各種センサを開発/提供しているオプテックス株式会社(以下、オプテックス)は、安全運転管理サービス「セーフメーター」の新製品「OSM-501」に、シリコン・ラボラトリーズ(以下、シリコンラボ)のArmマイコンであるGeckoシリーズ(Leopard Gecko)が採用された。採用の最大のポイントは、電池交換なしで1年間駆動させ続けることを可能にしたことだ。ここでは、オプテックスの中村氏とシリコンラボの深田氏に話を聞いた。
集合写真(左より)
オプテックス株式会社 戦略本部 開発センター センター長(第一級陸上無線技術士)中村 明彦 氏
シリコンラボラトリーズ 代表取締役社長 深田 学 氏
低消費電力であることが採用する最大のポイント
――まずは、それそれの会社の概要を教えてください。
中村(オプテックス):オプテックスは、安心/安全な社会をセンサの視点から見ていくということから各種センサを開発/販売しています。主な分野として、防犯用、FAと照明、自動ドアなどがあります。自動ドアのセンサは、1980年に世界で初めて遠赤外線利用の自動ドア用センサを開発しました。監視カメラ用の補助照明では、市場シェアの半分を持っています(オプテックス社調べ)。現在80カ国以上に提供しており、メインは欧州です。オプテックスは、滋賀県で起業し、海外をメインに進出しました。理由は、犯罪の多いのは海外だと考えたからです。

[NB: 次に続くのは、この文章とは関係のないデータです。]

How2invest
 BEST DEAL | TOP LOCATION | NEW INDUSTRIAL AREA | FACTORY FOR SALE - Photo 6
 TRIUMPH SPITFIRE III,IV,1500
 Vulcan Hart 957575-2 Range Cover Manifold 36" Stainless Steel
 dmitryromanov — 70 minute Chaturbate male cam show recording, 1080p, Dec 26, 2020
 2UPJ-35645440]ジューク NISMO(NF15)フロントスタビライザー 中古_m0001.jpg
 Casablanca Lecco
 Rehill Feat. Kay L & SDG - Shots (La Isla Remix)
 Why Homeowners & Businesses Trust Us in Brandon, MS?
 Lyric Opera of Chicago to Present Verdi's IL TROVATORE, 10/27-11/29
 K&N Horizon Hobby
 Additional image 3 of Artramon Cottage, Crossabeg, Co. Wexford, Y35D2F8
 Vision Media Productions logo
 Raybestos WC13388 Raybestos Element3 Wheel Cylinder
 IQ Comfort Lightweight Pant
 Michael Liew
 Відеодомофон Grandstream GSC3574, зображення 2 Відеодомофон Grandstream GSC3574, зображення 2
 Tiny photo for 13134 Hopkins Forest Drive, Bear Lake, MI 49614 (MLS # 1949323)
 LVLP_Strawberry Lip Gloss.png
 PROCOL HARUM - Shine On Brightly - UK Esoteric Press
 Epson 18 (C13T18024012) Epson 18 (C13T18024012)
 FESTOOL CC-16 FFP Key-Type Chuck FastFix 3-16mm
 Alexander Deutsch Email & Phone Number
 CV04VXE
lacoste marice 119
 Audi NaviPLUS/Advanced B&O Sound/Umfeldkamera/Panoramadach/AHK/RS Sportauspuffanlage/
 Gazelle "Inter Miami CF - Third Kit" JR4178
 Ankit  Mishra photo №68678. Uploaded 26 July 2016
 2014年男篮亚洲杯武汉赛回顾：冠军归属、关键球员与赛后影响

深田(シリコンラボ):シリコンラボは、1996年に創業した米テキサス州オースチンに本社を置く半導体メーカで、もともとはTVチューナやモデムなどを中心にしてきました。5年ほど前から内部の開発リソースをIoTに傾け、同時に半導体メーカやソリューションを持つ企業を買収し規模を拡大してきました。4年前に超低消費電力のArm®マイコンを持つエナジーマイクロ社を買収しました。製品として、C8051ベースの8ビットマイコンであるEFM8をはじめ、32ビットArmマイコンのEFM32がありGeckoシリーズという名称を付けています。Geckoシリーズの他社との大きな違いは低消費電力であり、今回のオプテックス様にご採用いただいた最大の理由でもあります。もちろんIoT時代に向けた無線ソリューションも充実しています。2012年にはZigBeeのエンバー社、2015年にはBluetoothのブルーギガ・テクノロジーズ社を買収しました。同じくセンシングも非常に重要であり、各種センサも提供しております。
中村:マイコン選定では、まずは低消費電力であること。これこそが、私どもの製品に採用する最大のポイントです。安全運転管理サービス「セーフメーター」の新製品「OSM-501」(図1)にはLeopard Geckoを採用しています。セーフメーターは、事故のきっかけとなる急ブレーキや急発進、急ハンドルなどを感知すると警告音を鳴らすことでドライバーに「気付き」を促す安全運転支援サービスです。さらに、スムーズ発進や停止をカウントすることで、自発的な安全運転をしようという「やる気」も引き出すことができます。OSM-501で抽出したデータはスマートフォンを経由してクラウドへ上げます。
危険挙動を見るだけでも安全への啓蒙活動が十分に可能
――セーフメーター開発の経緯を教えてください。
中村:オプテックスは、2005年頃にドライブレコーダを開発/提供していました。当時は、ストレージの容量が少なく、常時録画をしてしまうと直ぐにメモリが足りなくなってしまいました。そこで、急挙動や危険運転などのイベントが発生したときに、それをトリガーとした前後の動画を残しておくようにしたのです。しかし、同じような発想をするメーカも多く、他社からも一気に安価なドライブレコーダが出てきて、オプテックスとしては事業的に厳しいと判断し撤退しました。画像や映像は他社でもやっているので、次の勝負はオプテックスらしくセンシング技術だと考えました。そこでドライブレコーダから機能を徹底的に削っていき、車の危険挙動をカウントするだけでも安全運転への啓蒙には十分であると気付き、セーフメーターという新しい概念のもと製品開発に取り組みました。当初は、単に加速度センサで強い信号を拾い、それをトリガーにしていたため路面の段差などでも録画してしまう課題がありました。そこで、段差や急ブレーキを識別するアルゴリズムを入れて改善しました。同時に、簡単に設置できることは非常に重要と考え、電池駆動にこだわりました。このように、アルゴリズムを処理しながら低消費電力なマイコンは、良いものが見つからないなかで、シリコンラボさんのLeopard Geckoは、私どもの要求に見事に応えてくれました。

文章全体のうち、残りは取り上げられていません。